An Immersed Boundary Proper Generalized Decomposition (IB-PGD) for Fluid–Structure Interaction Problems

Abstract

Proper generalized decomposition (PGD), a method looking for solutions in separated forms, was proposed recently for solving highly multidimensional problems. In the PGD, the unknown fields are constructed using separated representations, so that the computational complexity scales linearly with the dimension of the model space instead of exponential scaling as in standard grid-based methods. The PGD was proven to be effective, reliable and robust for some simple benchmark fluid–structure interaction (FSI) problems.
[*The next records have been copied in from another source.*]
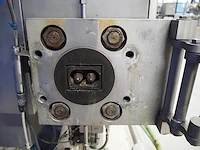Coperion - afbeelding 2 van  61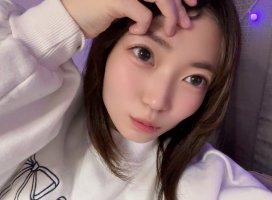 *+るな+*ちゃんのツイート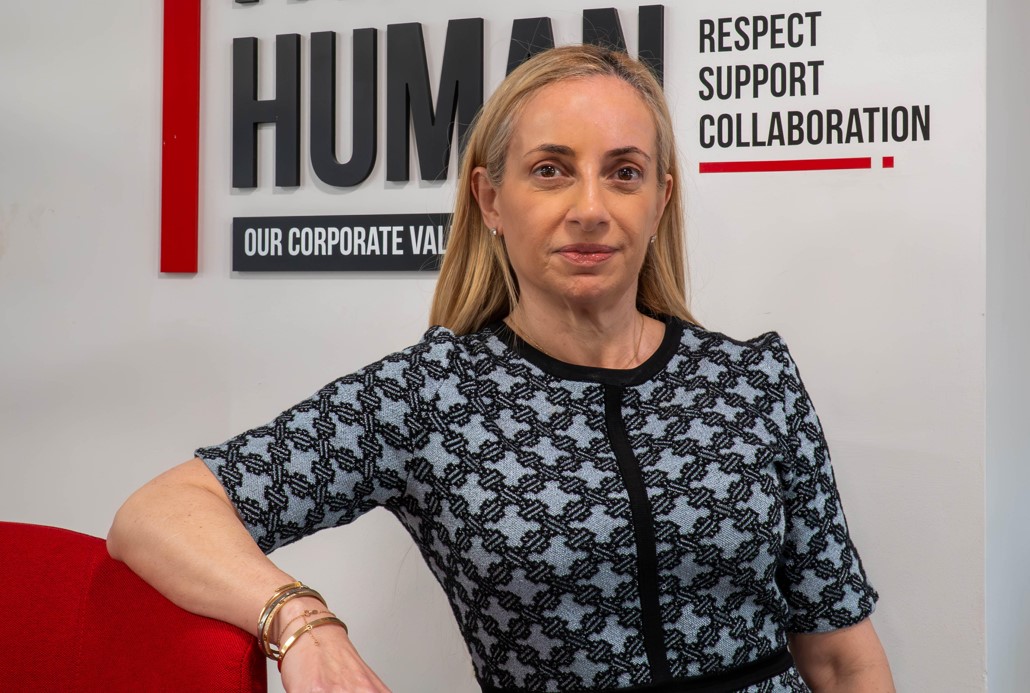 cover XM credits people-first strategy and innovation for global growth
However, it is very hard or even impossible for the PGD to find the solution of problems having complex boundary shapes (i.e., problems of fluid flow with arbitrary complex geometry obstacles). The paper hence further extends the PGD to solve FSI problems with arbitrary boundaries by combining the PGD with the immersed boundary method (IBM) to give a so-called immersed boundary proper generalized decomposition (IB-PGD). In the IB-PGD, a forcing term constructed by the IBM is introduced to Navier–Stokes equations to handle the influence of the boundaries and the fluid flow. The IB-PGD is then applied to solve Poisson’s equation to find the fluid pressure distribution for each time step. The numerical results for three problems are presented and compared to those of previous publications to illustrate the robustness and effectiveness of the IB-PGD in solving complex FSI problems.